- YOUR INSTRUCTIONS -
Quote the entries below from the line with "Kazak Görünümlü Lacivert" through the line with "Tarifini kendi buldu, 26", both ends included, and only those lines.

------ TASK MATERIAL ------

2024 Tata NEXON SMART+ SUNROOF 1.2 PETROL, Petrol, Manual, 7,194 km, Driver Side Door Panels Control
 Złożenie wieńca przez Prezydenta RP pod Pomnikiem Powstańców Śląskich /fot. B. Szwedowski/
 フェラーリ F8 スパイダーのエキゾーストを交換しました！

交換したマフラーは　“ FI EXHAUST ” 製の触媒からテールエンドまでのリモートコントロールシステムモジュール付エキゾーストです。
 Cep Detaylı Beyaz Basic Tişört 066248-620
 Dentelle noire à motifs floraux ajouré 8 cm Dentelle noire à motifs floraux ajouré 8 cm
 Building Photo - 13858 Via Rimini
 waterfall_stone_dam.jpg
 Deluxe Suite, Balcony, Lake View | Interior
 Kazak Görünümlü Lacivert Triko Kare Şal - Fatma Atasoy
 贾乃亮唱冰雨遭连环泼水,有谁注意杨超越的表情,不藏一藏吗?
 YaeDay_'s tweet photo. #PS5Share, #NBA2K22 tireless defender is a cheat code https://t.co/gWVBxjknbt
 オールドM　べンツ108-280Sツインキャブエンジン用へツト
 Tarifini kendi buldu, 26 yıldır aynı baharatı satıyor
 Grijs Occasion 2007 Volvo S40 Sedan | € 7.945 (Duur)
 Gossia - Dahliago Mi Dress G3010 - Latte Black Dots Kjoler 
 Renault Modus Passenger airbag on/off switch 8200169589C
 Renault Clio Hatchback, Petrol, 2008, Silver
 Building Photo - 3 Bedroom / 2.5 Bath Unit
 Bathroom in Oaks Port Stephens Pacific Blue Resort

------

- ANSWER -
 Kazak Görünümlü Lacivert Triko Kare Şal - Fatma Atasoy
 贾乃亮唱冰雨遭连环泼水,有谁注意杨超越的表情,不藏一藏吗?
 YaeDay_'s tweet photo. #PS5Share, #NBA2K22 tireless defender is a cheat code https://t.co/gWVBxjknbt
 オールドM　べンツ108-280Sツインキャブエンジン用へツト
 Tarifini kendi buldu, 26 yıldır aynı baharatı satıyor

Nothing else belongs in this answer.